The Port Arthur News
Port Arthur’s City Council is looking for ways to shore up an estimated $3.75 million budget deficit while trying to find money to plug leaky or malfunctioning waterlines all over the city.
One way to offset the expenditure without having to go to taxpayers is to shift funding from the city’s Economic Development Corporation from 4A projects to specific 4B projects.
In a joint meeting between the City Council and the EDC Tuesday, a proposal to have a special election in November regarding the use of EDC funds will be discussed.
The City has proposed using a portion of the money the EDC gets from sales tax revenue for specific 4B projects such as repairs to waterlines and waterline facilities, recreational and parks facilities and projects related to business development.
EDC Director Floyd Batiste said the Council has the right to ask voters how to use EDC money, as long as the projects are in accordance with the law.

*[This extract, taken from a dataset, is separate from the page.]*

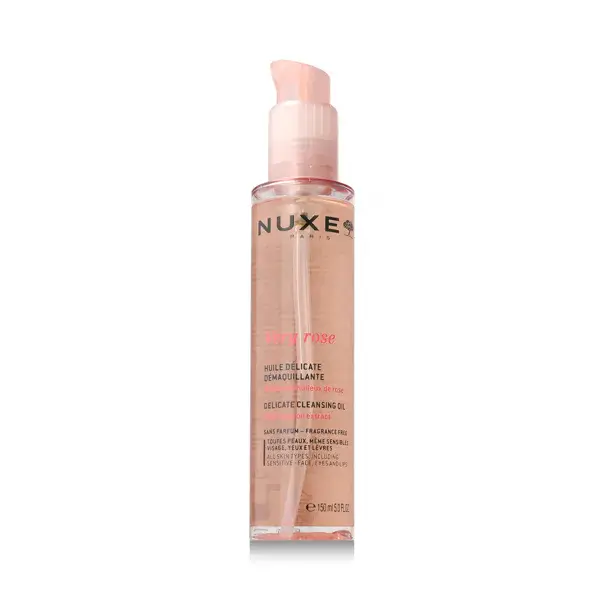 Nuxe Very RoseDelicate Cleansing Oil 150 ml Ihned K Objednání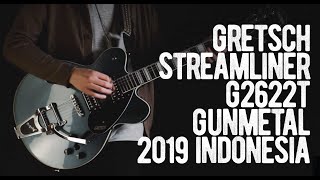 Video thumbnail for Gretsch Streamliner G2622T Gunmetal 2019 Indonesia by Loud Lemon Demo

In May 2009 voters approved a proposition allowing the EDC to dedicate $750,000 in sales tax funds annually for three years for eligible development projects within the targeted areas from Seventh Street to the Intracoastal Canal and from Martin Luther King Jr., Drive to Lake Charles Avenue.
To fund the projects, the EDC would dedicate an eighth of the half-cent already collected from sales tax revenue reimbursements.
Batiste said EDC board of directors had met and were ready to assist and help the citizens of Port Arthur and the city government as much as they could while maintaining their existence.
“We have projects on the board, but if we don’t have the money, we can’t make those projects,” Batiste said.
Depending on how much the city asks for, and if voters approve the measure, the EDC might have to dip into its reserve funds. Currently, the EDC has about $7.5 million to $7.8 million in reserves.
The city at the end of September will have an estimated $20 million in reserves.
City Manager Steve Fitzgibbons said the expenditure to make the water line repairs would be substantial.
“I think the discussion Tuesday will be to try and find a balance to help the city, but not compromise the EDC,” Fitzgibbons said.